To ensure that webhooks cannot be used maliciously to expose either data about your contracts or your internal network, the following validation rules are applied to webhooks via the Pact Broker webhook whitelist configuration settings .

  • Scheme: Must be included in the webhook_scheme_whitelist, which by default only includes https. You can change this to include http if absolutely necessary, however, keep in mind that the body of any http traffic is visible to the network. You can load a self signed certificate into the Pact Broker to be used for https connections using script/insert-self-signed-certificate-from-url.rb in the Pact Broker Github repository.

  • HTTP method: Must be included in the webhook_http_method_whitelist, which by default only includes POST. It is highly recommended that only POST requests are allowed to ensure that webhooks cannot be used to retrieve sensitive information from hosts within the same network.

  • Host: If the webhook_host_whitelist contains any entries, the host must match one or more of the entries. By default, it is empty. For security purposes, if the host whitelist is empty, the response details will not be logged to the UI (though they can be seen in the application logs at debug level).

    The host whitelist may contain hostnames (eg "github.com"), domains beginning with * (eg. "*.foo.com"), IPs (eg "192.0.345.4"), network ranges (eg "10.0.0.0/8") or regular expressions (eg /.*\.foo\.com$/). Note that IPs are not resolved, so if you specify an IP range, you need to use the IP in the webhook URL. If you wish to allow webhooks to any host (not recommended!), you can set webhook_host_whitelist to [/.*/]. Beware of any sensitive endpoints that may be exposed within the same network.

    The recommended set of values to start with are:

    • your CI server's hostname (for triggering builds)
    • your company chat (eg. Slack, for publishing notifications)
    • your code repository (eg. Github, for sending commit statuses)

    Alternatively, you could use a domain beginning with a * to limit requests to your company's domain.

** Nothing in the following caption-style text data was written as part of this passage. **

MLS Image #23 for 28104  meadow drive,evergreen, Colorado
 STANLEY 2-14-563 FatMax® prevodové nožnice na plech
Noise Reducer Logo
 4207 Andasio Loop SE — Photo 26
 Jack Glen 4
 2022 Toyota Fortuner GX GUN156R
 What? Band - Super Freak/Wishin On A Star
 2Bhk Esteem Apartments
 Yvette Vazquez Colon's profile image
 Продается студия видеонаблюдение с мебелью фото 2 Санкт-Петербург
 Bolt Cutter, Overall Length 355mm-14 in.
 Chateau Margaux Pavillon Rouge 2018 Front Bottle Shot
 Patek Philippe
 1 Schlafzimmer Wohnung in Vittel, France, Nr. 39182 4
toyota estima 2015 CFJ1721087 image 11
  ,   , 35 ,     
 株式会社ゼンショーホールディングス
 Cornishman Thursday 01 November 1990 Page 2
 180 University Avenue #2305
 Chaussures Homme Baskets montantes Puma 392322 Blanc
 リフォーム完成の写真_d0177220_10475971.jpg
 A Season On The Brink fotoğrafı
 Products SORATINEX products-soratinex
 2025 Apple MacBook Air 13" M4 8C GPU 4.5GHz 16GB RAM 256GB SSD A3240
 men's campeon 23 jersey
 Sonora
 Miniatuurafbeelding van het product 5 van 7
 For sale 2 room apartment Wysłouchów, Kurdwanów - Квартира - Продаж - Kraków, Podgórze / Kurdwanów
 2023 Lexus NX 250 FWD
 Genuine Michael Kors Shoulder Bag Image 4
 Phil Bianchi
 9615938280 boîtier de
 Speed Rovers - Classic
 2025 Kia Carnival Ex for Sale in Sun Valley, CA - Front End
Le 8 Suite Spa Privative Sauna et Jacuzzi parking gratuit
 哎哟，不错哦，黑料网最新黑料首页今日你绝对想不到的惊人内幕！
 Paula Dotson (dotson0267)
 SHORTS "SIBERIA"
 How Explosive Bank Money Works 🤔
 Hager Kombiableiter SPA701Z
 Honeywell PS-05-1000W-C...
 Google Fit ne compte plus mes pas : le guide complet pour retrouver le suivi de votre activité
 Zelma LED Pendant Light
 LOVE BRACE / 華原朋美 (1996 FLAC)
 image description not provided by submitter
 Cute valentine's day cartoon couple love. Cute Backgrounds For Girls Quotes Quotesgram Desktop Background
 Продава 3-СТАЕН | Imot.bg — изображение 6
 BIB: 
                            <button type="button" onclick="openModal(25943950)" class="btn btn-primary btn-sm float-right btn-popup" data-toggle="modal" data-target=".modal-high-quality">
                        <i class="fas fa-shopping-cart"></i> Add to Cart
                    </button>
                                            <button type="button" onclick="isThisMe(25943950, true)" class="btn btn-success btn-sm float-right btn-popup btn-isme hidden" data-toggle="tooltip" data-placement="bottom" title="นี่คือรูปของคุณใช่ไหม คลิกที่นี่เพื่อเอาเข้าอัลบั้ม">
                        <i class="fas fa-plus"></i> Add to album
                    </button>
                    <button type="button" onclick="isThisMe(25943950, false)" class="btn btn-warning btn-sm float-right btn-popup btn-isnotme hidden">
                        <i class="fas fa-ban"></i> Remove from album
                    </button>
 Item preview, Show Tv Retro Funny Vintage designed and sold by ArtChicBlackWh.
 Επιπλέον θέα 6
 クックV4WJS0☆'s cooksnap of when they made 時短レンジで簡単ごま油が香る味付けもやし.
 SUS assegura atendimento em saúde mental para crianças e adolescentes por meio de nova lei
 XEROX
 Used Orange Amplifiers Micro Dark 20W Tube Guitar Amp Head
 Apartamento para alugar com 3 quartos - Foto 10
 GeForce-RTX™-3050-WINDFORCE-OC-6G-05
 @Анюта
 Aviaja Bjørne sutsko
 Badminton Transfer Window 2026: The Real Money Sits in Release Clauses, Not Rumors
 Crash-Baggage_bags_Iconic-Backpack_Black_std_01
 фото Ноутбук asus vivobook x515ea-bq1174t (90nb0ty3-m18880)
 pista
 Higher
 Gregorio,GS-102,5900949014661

    Note that the hostname/domain matching follows that used for SSL certificate hostnames, so *.foo.com will match a.foo.com but not a.b.foo.com. If you need more flexible matching because you have domains with variable "parts" (eg a.b.foo.com), you can use a regular expression (eg /.*\.foo\.com$/ - don't forget the end of string anchor). You can test Ruby regular expressions at rubular.com.